Below is a listing; retype exactly the line with "MyrleHenggeler live cam on BongaCams" and every line after it through the end, and only those, leaving out the pictures.

—————

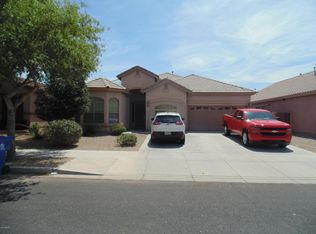 15225 N 135th Dr, Surprise, AZ 85379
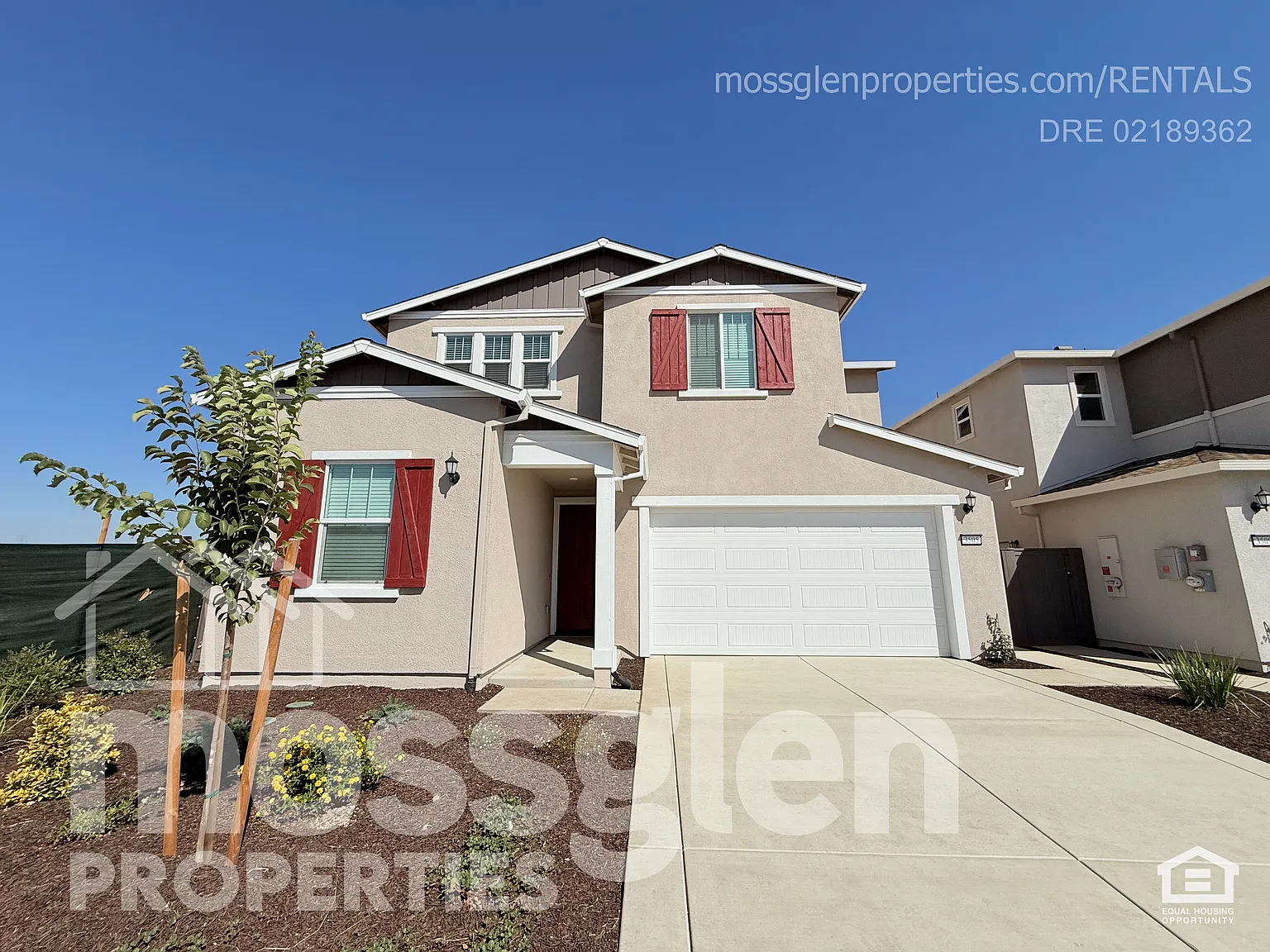 4 bed, 2386 sqft, $2,950 — Photo 1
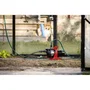 Scheppach Pompe de surface pour jardin GP1400JET, 6000 L/h, profondeur max 8 m, pression 4.8 bar, 3 CV, pour arrosage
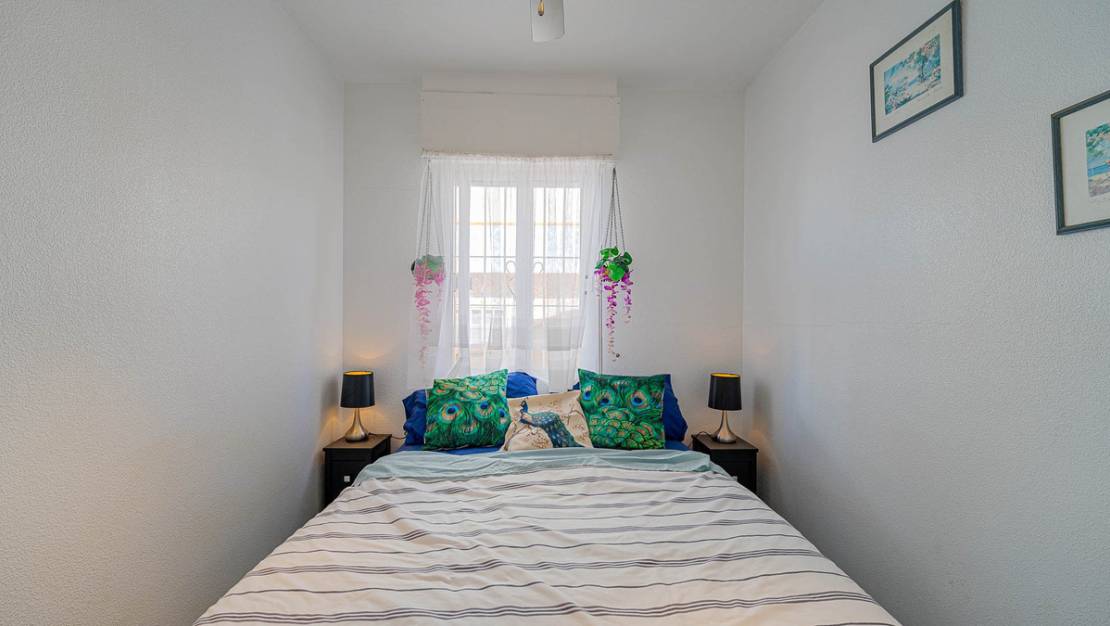 Sale - Town House - Orihuela - Los Altos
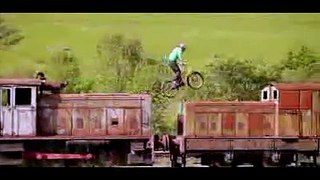 Danny Macaskill - Industrial Revolutions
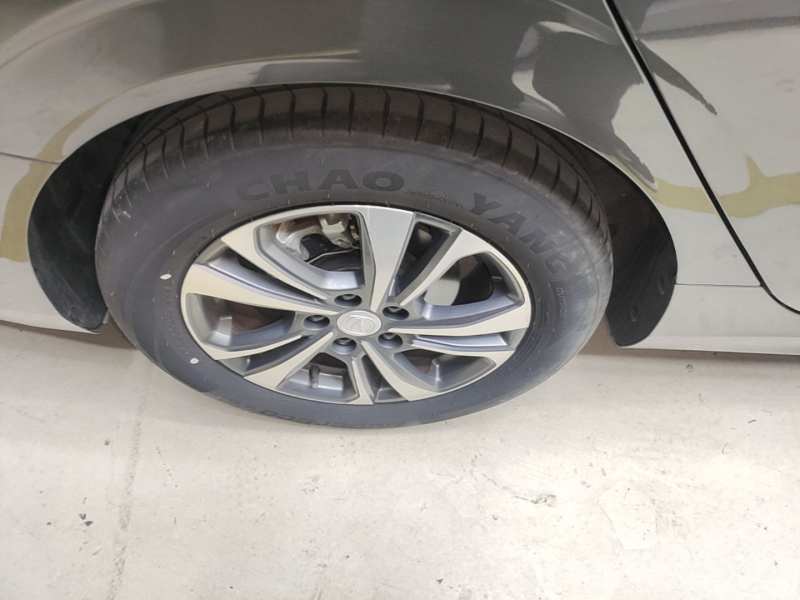 Used CHANGAN Eado 2024 PLUS Blue Whale NE 1.4T GDI DCT High-Energy Edition — 25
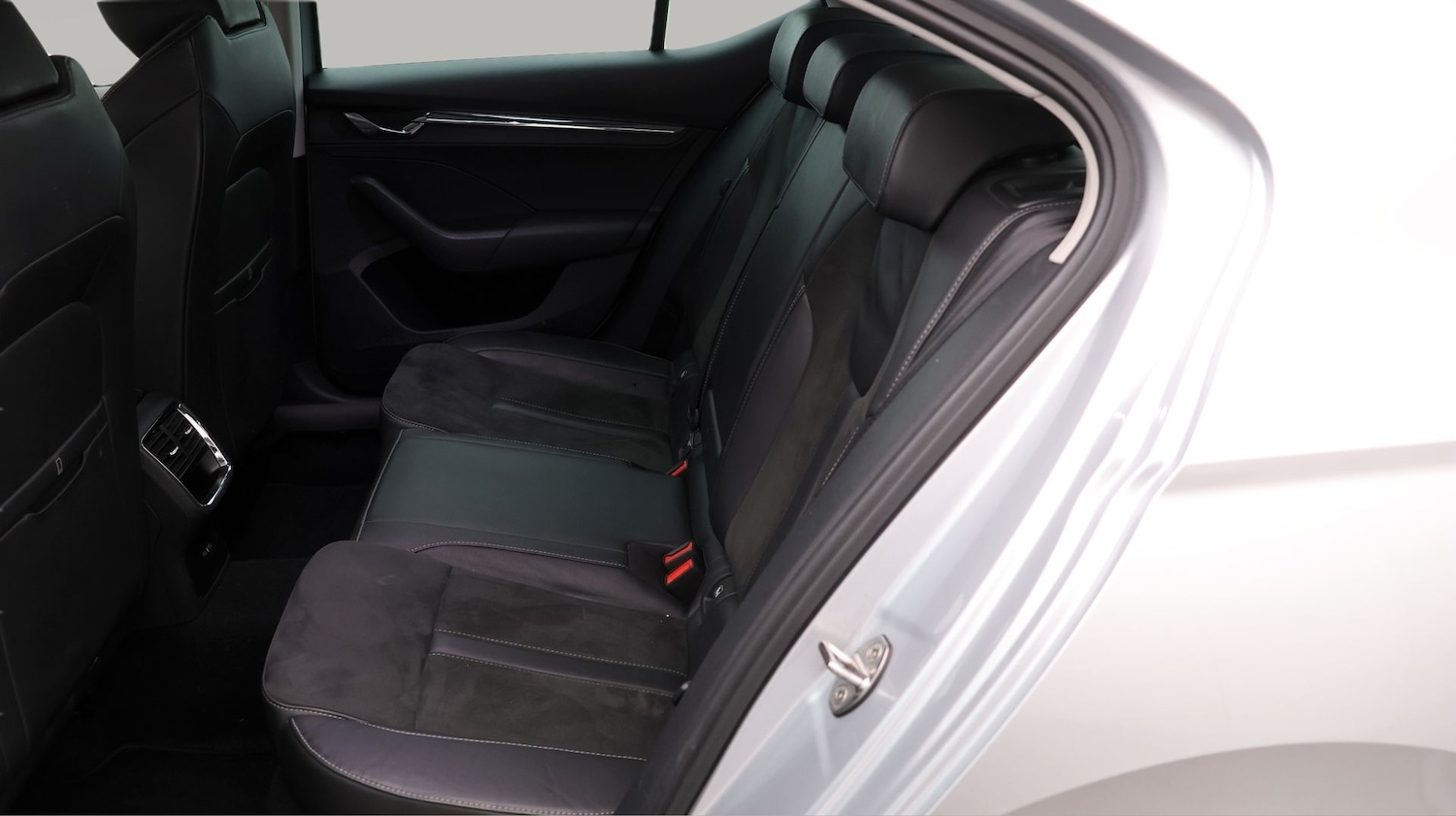 Used Skoda Octavia 2021 for sale - 77745313: Photo 16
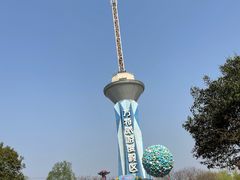 -郑州方特梦幻王国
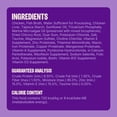thumbnail image 6 of Wellness Lickable Soft Puree Cat Treats, All Lifestages, Kitten to Senior, Natural, Grain Free, Chicken Flavor, 0.4 oz, Pack of 6 Tubes, 6 of 8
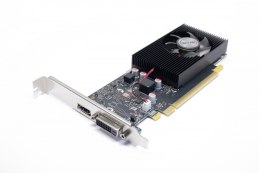 Karta graficzna - Geforce GT 1030 2GB GDDR5 64Bit DVI HDMI LP Single Fan L7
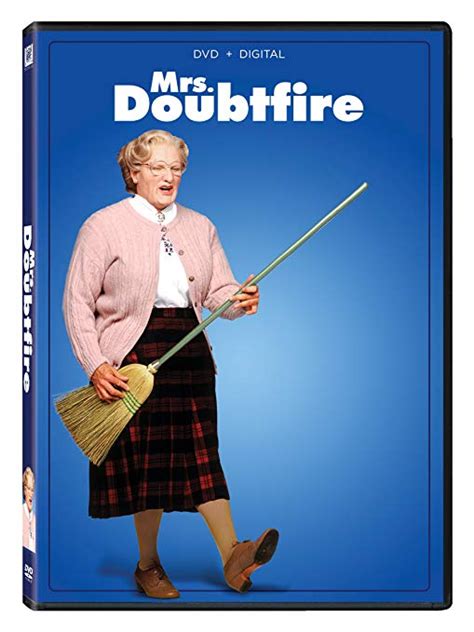 By jeannette catsoulis this intrepid, immersive documentary. Amazon.com: Mrs Doubtfire: Chris Columbus, Robin Williams ...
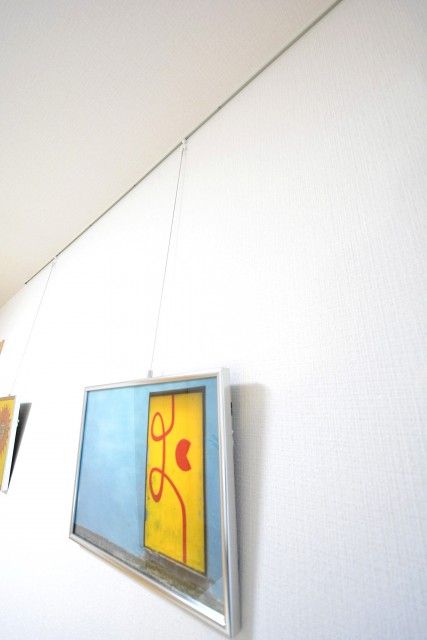 キャッスルマンション目白西　洋室１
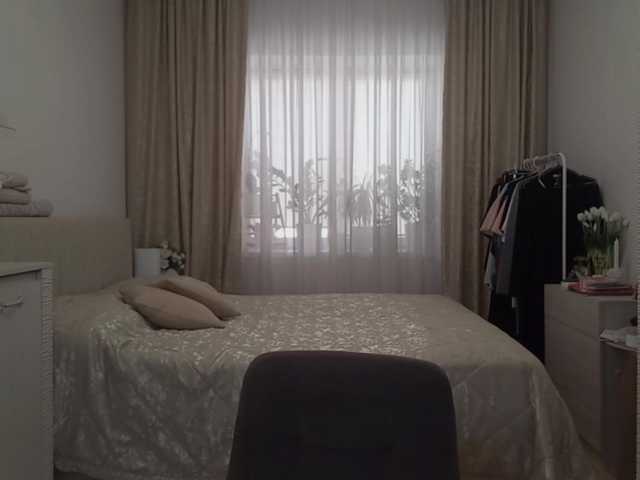 MyrleHenggeler live cam on BongaCams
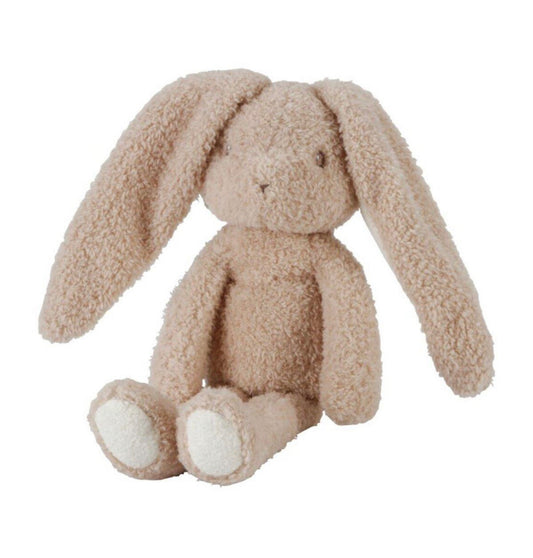 Peluche Conejito 32 cm Personalizable
Little Dutch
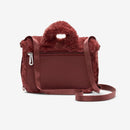 NIKE Y NK FX FUR CROSSBODY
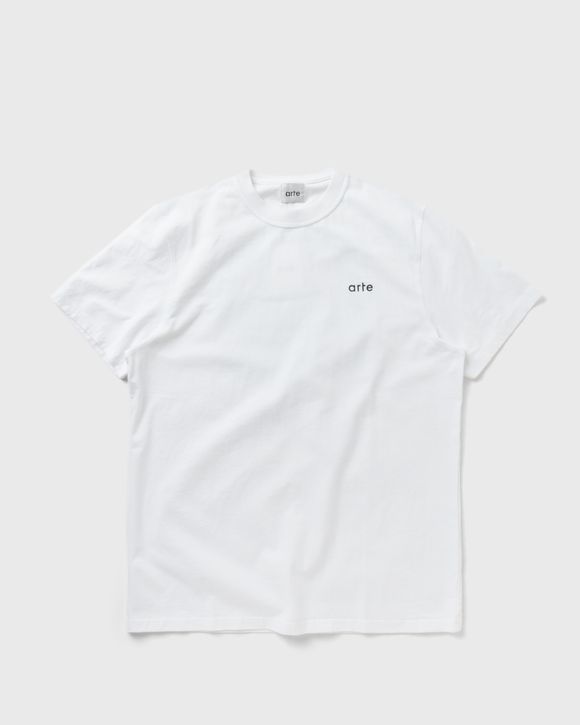 Tissot Back Roses Tee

—————

__TASK OUTPUT__.
 MyrleHenggeler live cam on BongaCams
 Peluche Conejito 32 cm Personalizable
Little Dutch
 NIKE Y NK FX FUR CROSSBODY
 Tissot Back Roses Tee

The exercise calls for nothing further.